Leaving out all pictures, reproduce the entries below exactly, from the first line through the line that contains "A delicious version".
┏━━
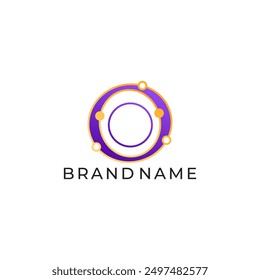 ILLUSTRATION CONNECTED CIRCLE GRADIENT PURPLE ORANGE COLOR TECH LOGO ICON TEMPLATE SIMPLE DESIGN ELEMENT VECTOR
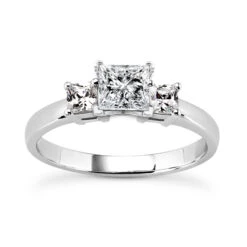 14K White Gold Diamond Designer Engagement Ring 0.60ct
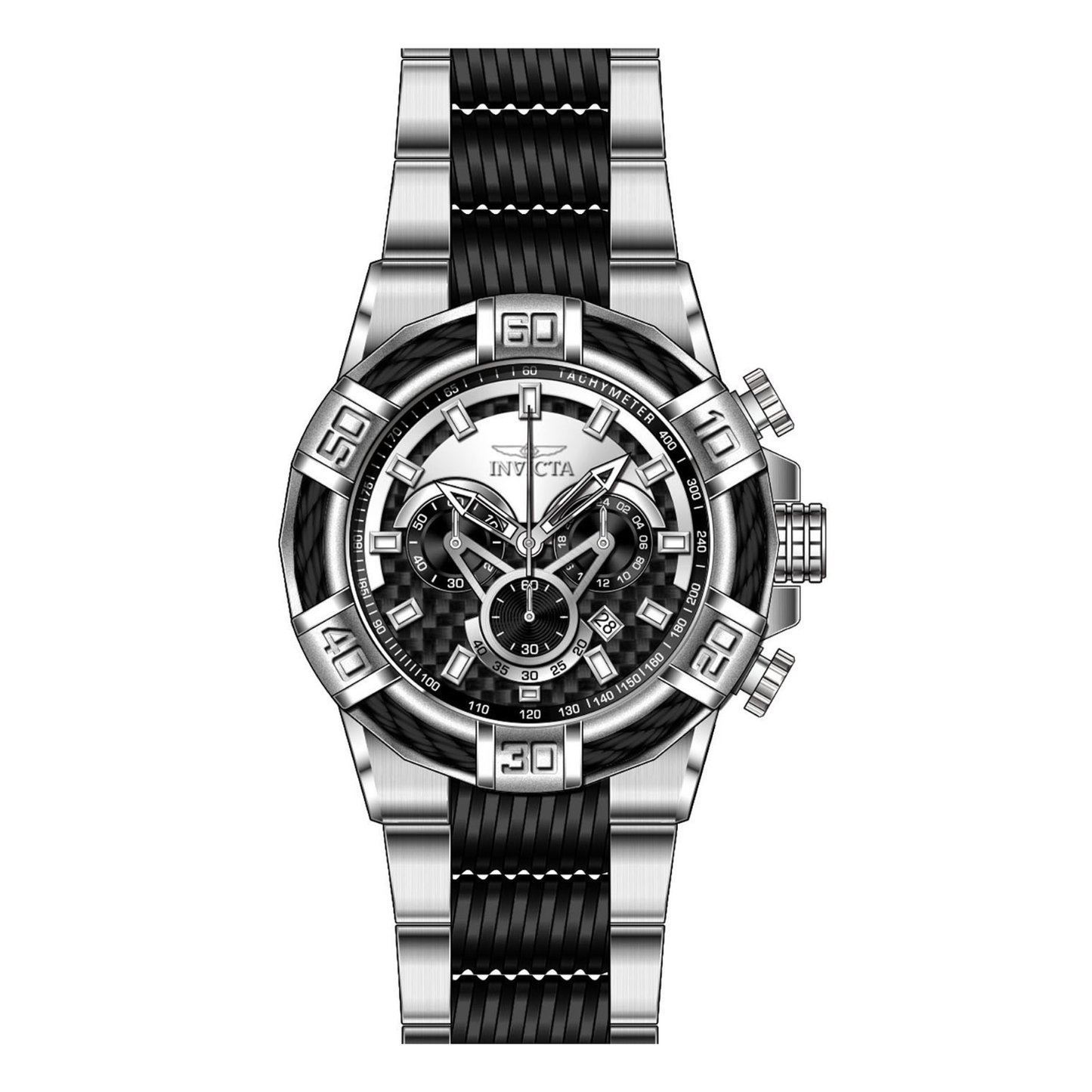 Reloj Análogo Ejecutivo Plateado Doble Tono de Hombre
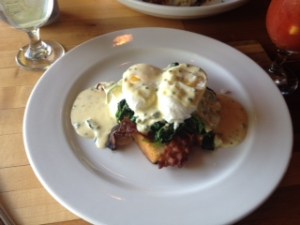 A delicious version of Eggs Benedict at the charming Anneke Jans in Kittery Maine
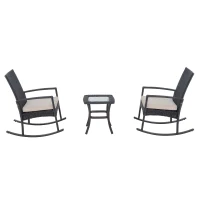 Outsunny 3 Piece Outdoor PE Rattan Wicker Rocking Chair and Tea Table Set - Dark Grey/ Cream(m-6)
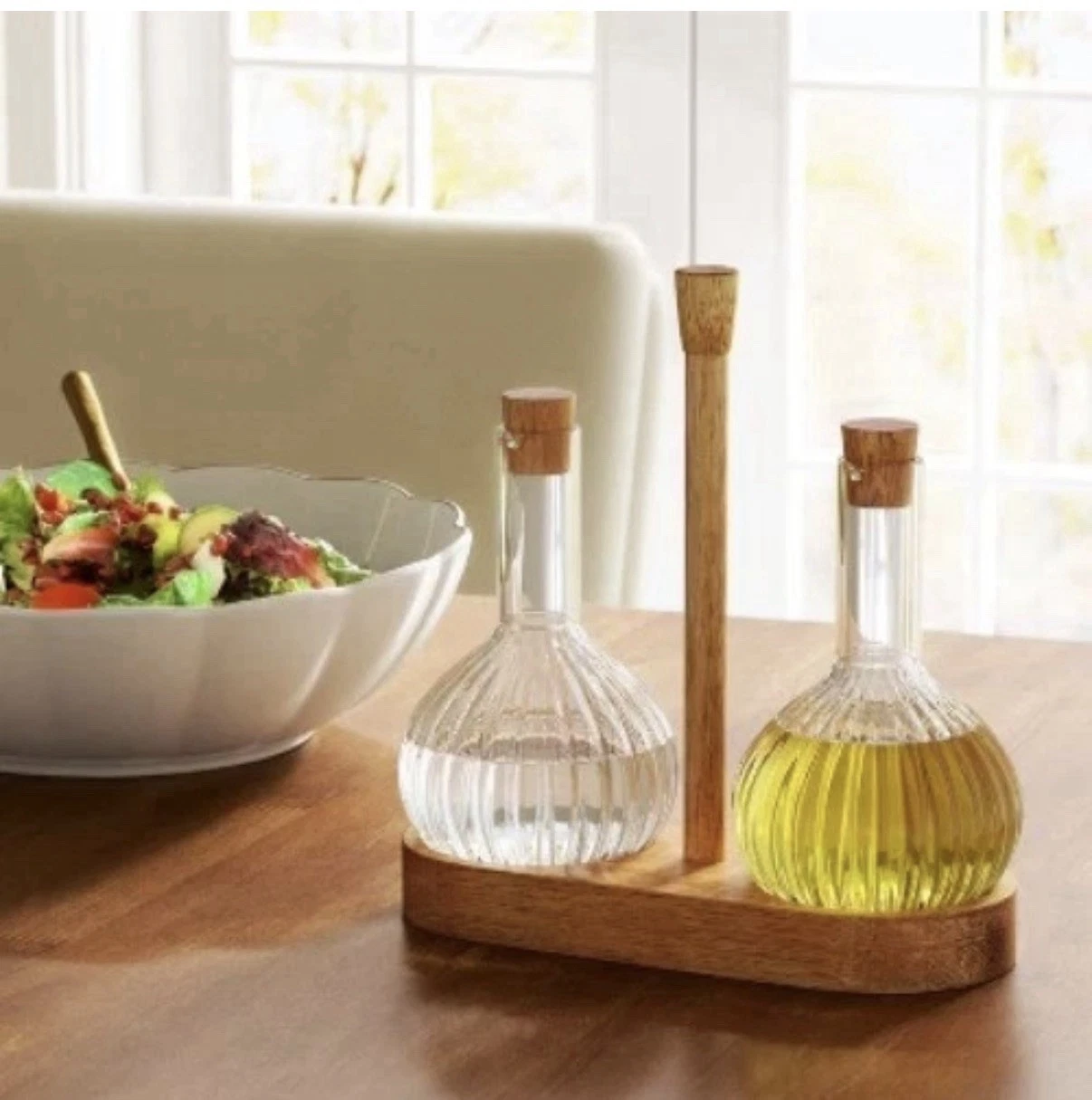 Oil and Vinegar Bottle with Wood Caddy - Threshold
┗━━
Finished exercise ▸
 ILLUSTRATION CONNECTED CIRCLE GRADIENT PURPLE ORANGE COLOR TECH LOGO ICON TEMPLATE SIMPLE DESIGN ELEMENT VECTOR
 14K White Gold Diamond Designer Engagement Ring 0.60ct
 Reloj Análogo Ejecutivo Plateado Doble Tono de Hombre
 A delicious version of Eggs Benedict at the charming Anneke Jans in Kittery Maine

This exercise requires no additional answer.